Auch Netanjahus Erklärung, eine Zwei-Staaten-Lösung abzulehnen, deutet in die Richtung, dass die israelische Regierung anstrebt, die Palästinenser vollkommen zu vertreiben und den Staat Israel in die Palästinensergebiete auszudehnen. Nun plant das israelische Regime sogar, die Stadt Rafah anzugreifen. Diese liegt im Süden des Gazastreifens und hier halten sich die aus dem Norden vor dem krieg geflohenen Palästinenser auf. Die Stadt ist vollkommen überfüllt und schon jetzt Schauplatz einer humanitären Katastrophe. Ein Angriff auf die Stadt käme einer Vernichtung der Palästinenser gleich. Dies ist ein weiterer Hinweis auf die Absicht Israels, die Palästinenser entweder vollkommen zu vertreiben, oder aber auszulöschen.
Schon vor dem 7. Oktober 2023 war Netanjahu zudem vor den Vereinten Nationen aufgetreten und hatte eine Karte des „neuen Nahen Ostens“ präsentiert, auf dem Palästina nicht mehr zu sehen war, sondern die Gebiete dem Staatsgebiet Israels aufgeschlagen worden waren. Hinzu kommt die ansteigende Gewalt israelischer Siedler und des Militärs gegenüber Palästinensern im Westjordanland. Bereits seit geraumer Zeit haben radikale Siedler dort lebende Familien mit immer größerer Gewalt und unter der Schützenhilfe des Militärs vertrieben, getötet und verletzt, um israelische Siedlungen in der Region zu errichten. Ebenso waren sie immer radikaler gegen Besucher der Al-Aqsa-Moschee in Jerusalem vorgegangen — einer der Gründe, warum der Angriff der Hamas am 7. Oktober den Decknamen „Al-Aqsa-Flut“ erhalten hat. Zuletzt hat das israelische Militär auch Angriffe im Westjordanland durchgeführt.

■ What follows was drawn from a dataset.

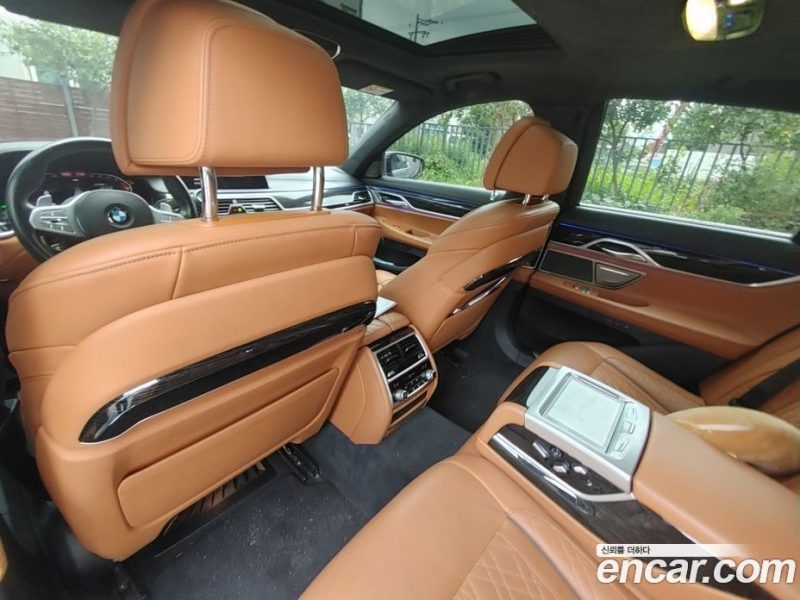 BMW 7-Series 730D xDrive M Sport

Die zunehmende Gewalt der Siedler und des Militärs, die scharfe Rhetorik der stramm faschistischen Regierung Israels, der Völkermord im Gazastreifen sowie die Blockade von Hilfslieferungen in die Gebiete deuten darauf hin, dass die israelische Regierung nun mit dem lange schon gehegten Plan, Israel auf die Palästinensergebiete auszuweiten, ernst macht.

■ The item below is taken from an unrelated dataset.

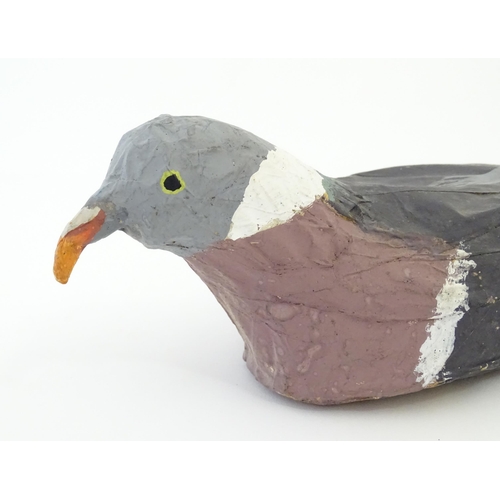 1169 - Shooting Interest: A quantity of 20thC papier mache decoy pigeons with painted detail. Approx. 14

Deutschland, das sich stets auf die Fahne schreibt, aus seiner Vergangenheit gelernt zu haben, unterstützt Israel dabei mit allen Kräften, unter Anderem mit Waffenlieferungen und juristischer Schützenhilfe, und beteiligt sich daran, die Palästinenser im Gazastreifen auszuhungern, indem die Finanzierung der wichtigsten Hilfsorganisation gestrichen wurde.
Doch immerhin schließt sich nicht der ganze Westen der Politik des Aushungerns an: So haben Norwegen und Spanien dem Hilfswerk UNRWA auch im Februar noch Geld überwiesen und somit die Arbeit des Hilfswerks zumindest temporär gefördert. Dennoch ist die Situation nach wie vor prekär und wird es bleiben, solange Israel den Völkermord nicht beendet und humanitäre Hilfe in die Palästinensergebiete lässt.